(Short text fragments from websites)
- Opening Delimiter -

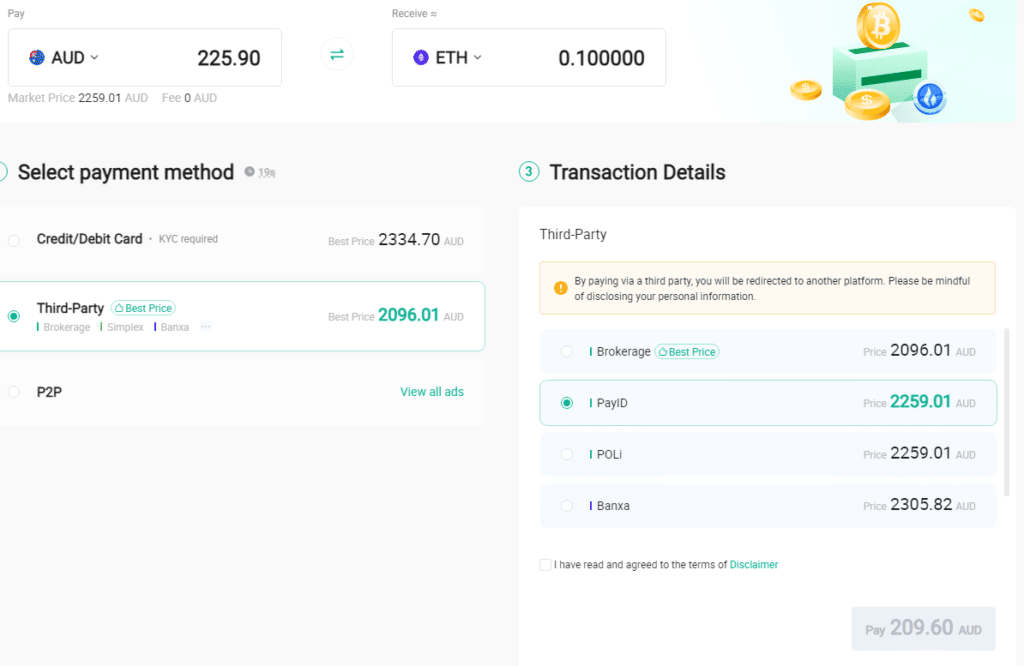 huobi credit card crypto payment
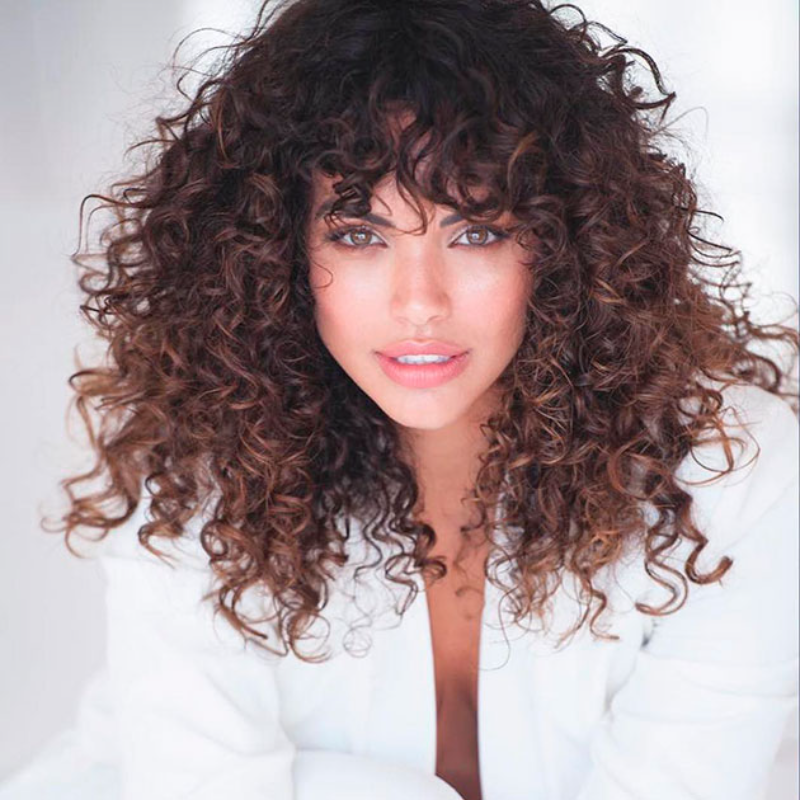 franja cortininha vs franja lateral cabelo cacheado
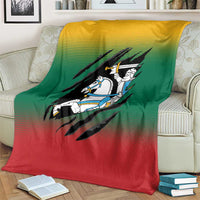 Lithuania Vytis Blanket Lietuvos Chasing and Fighting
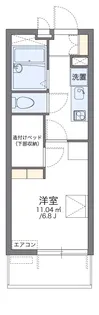 レオパレスE サクセス【4階】の間取り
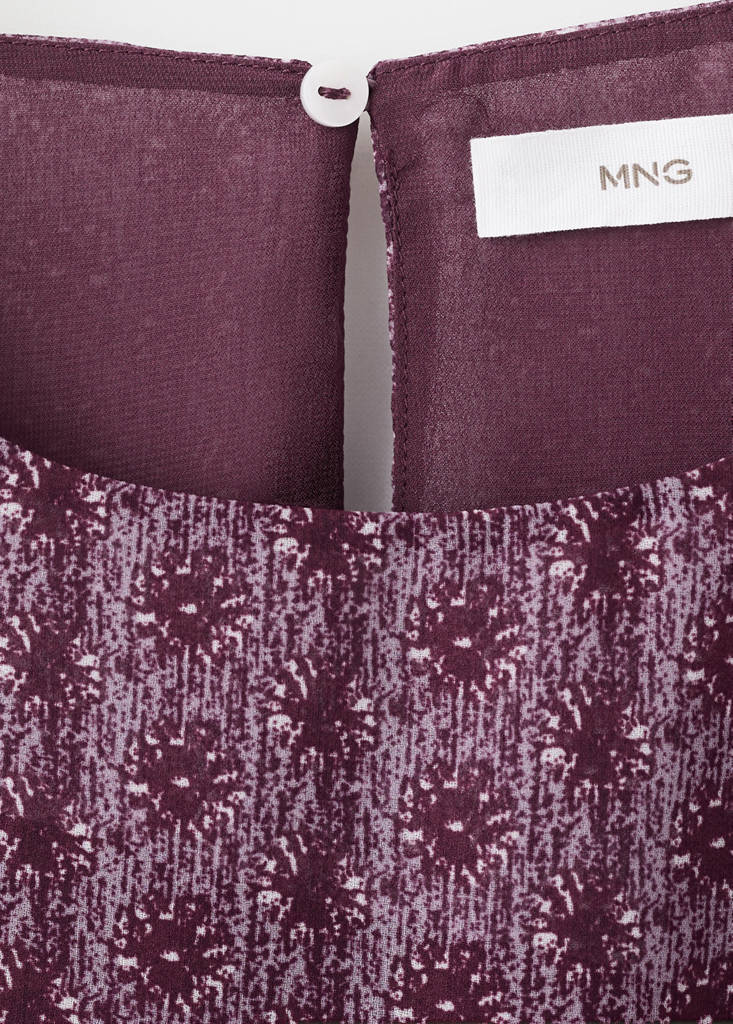 Printed blouse with cut-out — Pale Pink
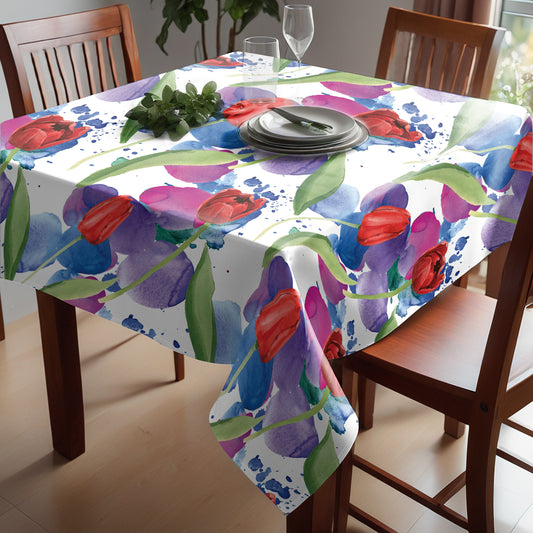 Tulips in Season Square Tablecloth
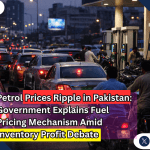After a steep Rs55 per litre increase in petrol and diesel prices, officials say claims that oil companies are making huge “inventory profits” are based on a misunderstanding of the country’s fuel pricing system.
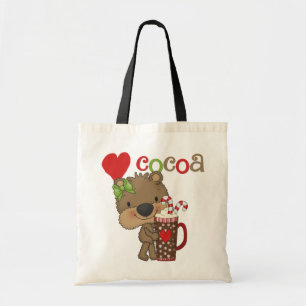 Girl Bear Cocoa Love Tote Bag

- Closing Delimiter -

**WHAT THE TASK REQUIRES:** Print the records above exactly, minus pictures.

**THE ANSWER:**
 huobi credit card crypto payment
 franja cortininha vs franja lateral cabelo cacheado
 Lithuania Vytis Blanket Lietuvos Chasing and Fighting
 レオパレスE サクセス【4階】の間取り
 Printed blouse with cut-out — Pale Pink
 Tulips in Season Square Tablecloth
After a steep Rs55 per litre increase in petrol and diesel prices, officials say claims that oil companies are making huge “inventory profits” are based on a misunderstanding of the country’s fuel pricing system.
 Girl Bear Cocoa Love Tote Bag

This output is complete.